Provided data -
-------

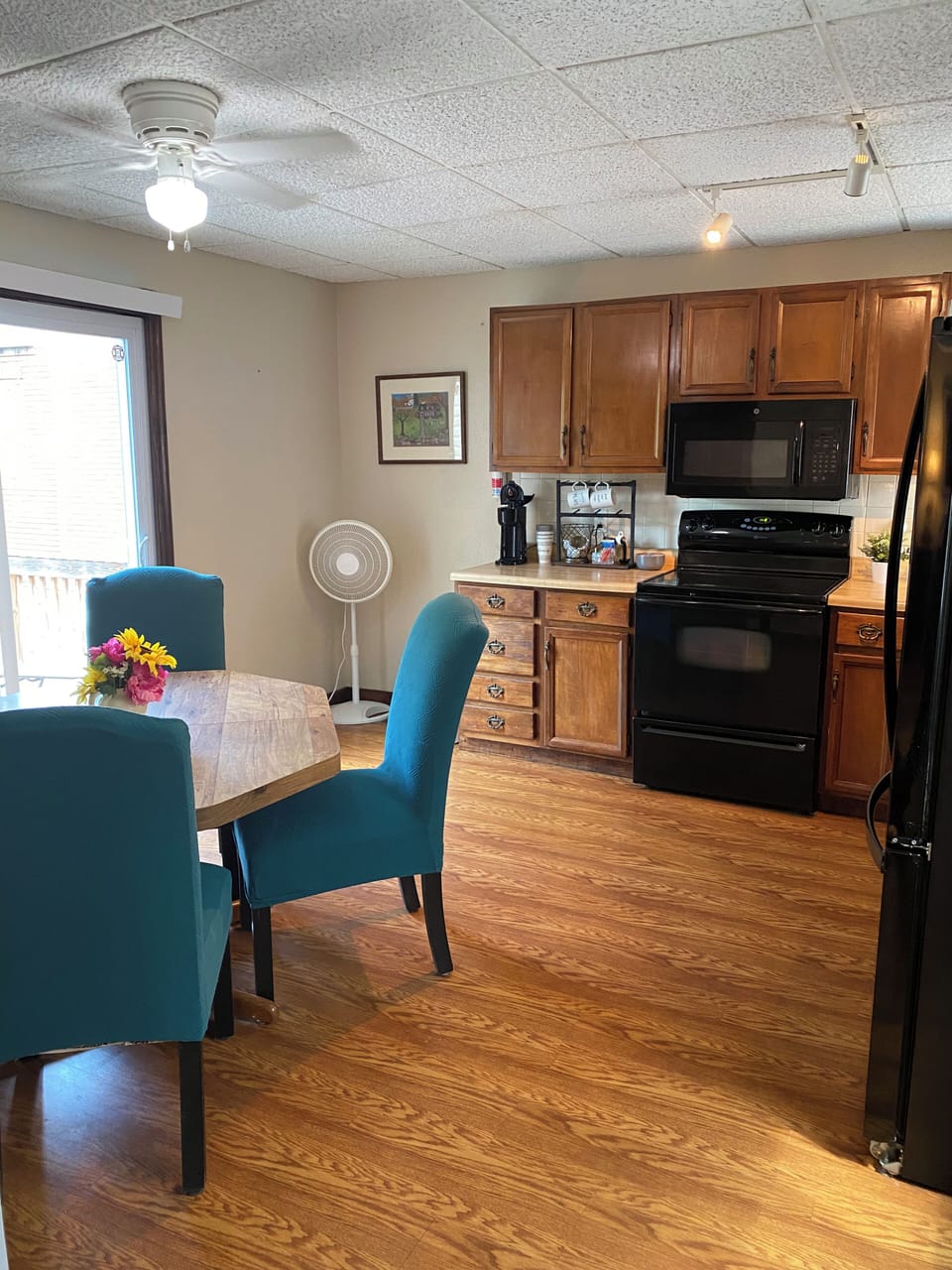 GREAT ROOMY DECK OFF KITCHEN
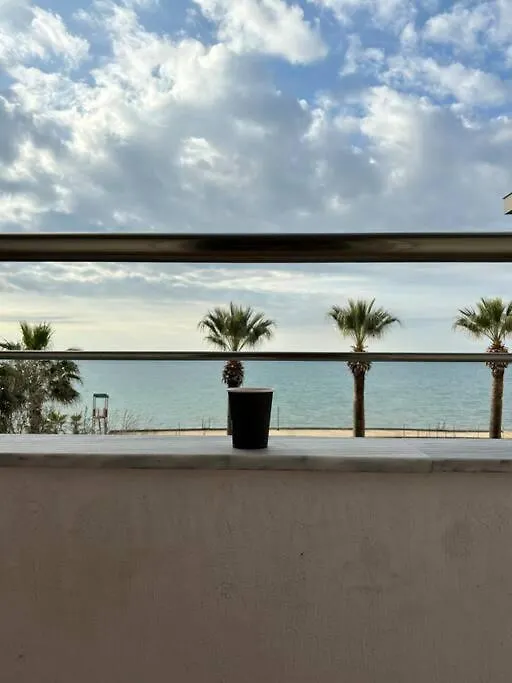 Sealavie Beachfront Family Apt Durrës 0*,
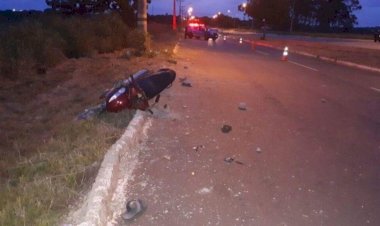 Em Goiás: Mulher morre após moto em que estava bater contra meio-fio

-------

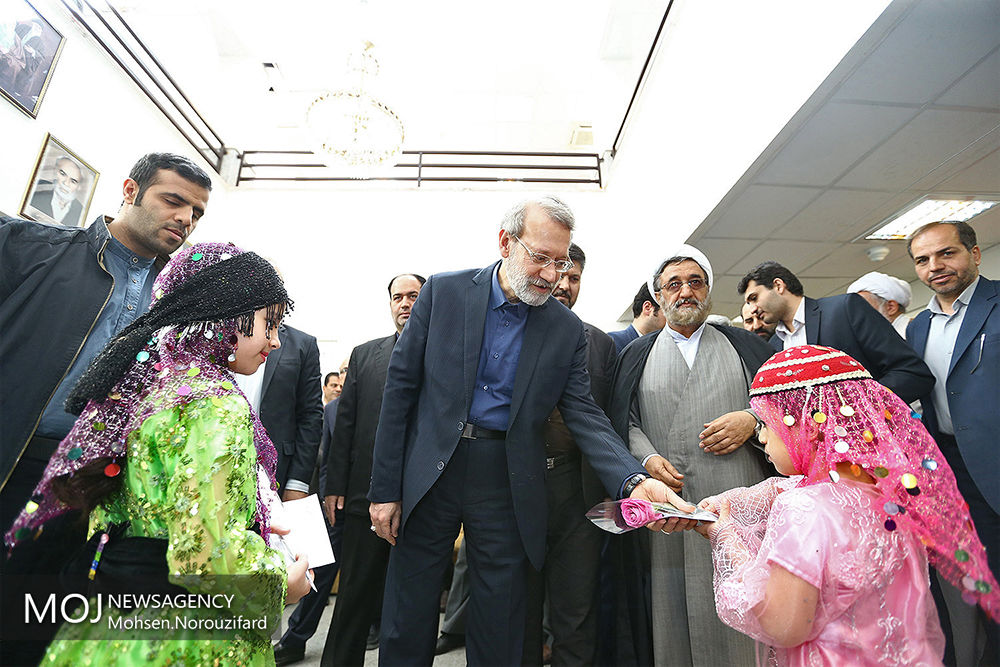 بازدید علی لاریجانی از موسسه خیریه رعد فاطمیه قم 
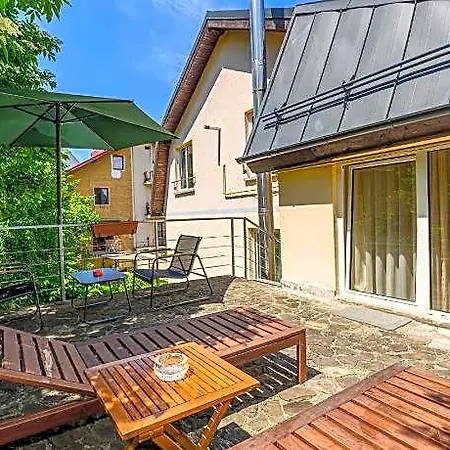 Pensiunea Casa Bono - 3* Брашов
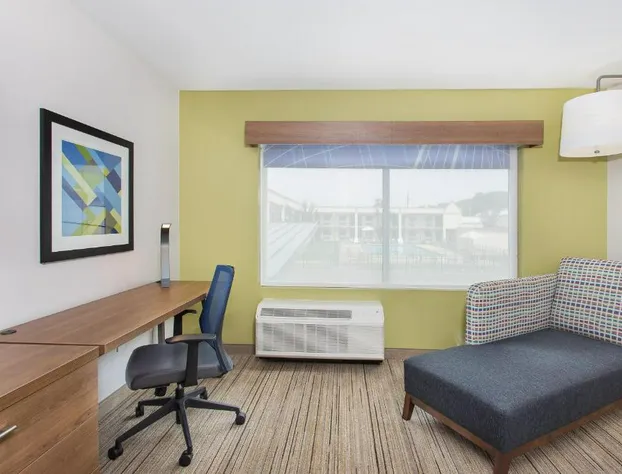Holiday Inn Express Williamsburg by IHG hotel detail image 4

-------

The task -
Could you transcribe exactly the entries above, but only the lines from the one with "بازدید علی لاریجانی" through the one with "Holiday Inn Express", and without pictures?

Completed exercise -
 بازدید علی لاریجانی از موسسه خیریه رعد فاطمیه قم 
 Pensiunea Casa Bono - 3* Брашов
Holiday Inn Express Williamsburg by IHG hotel detail image 4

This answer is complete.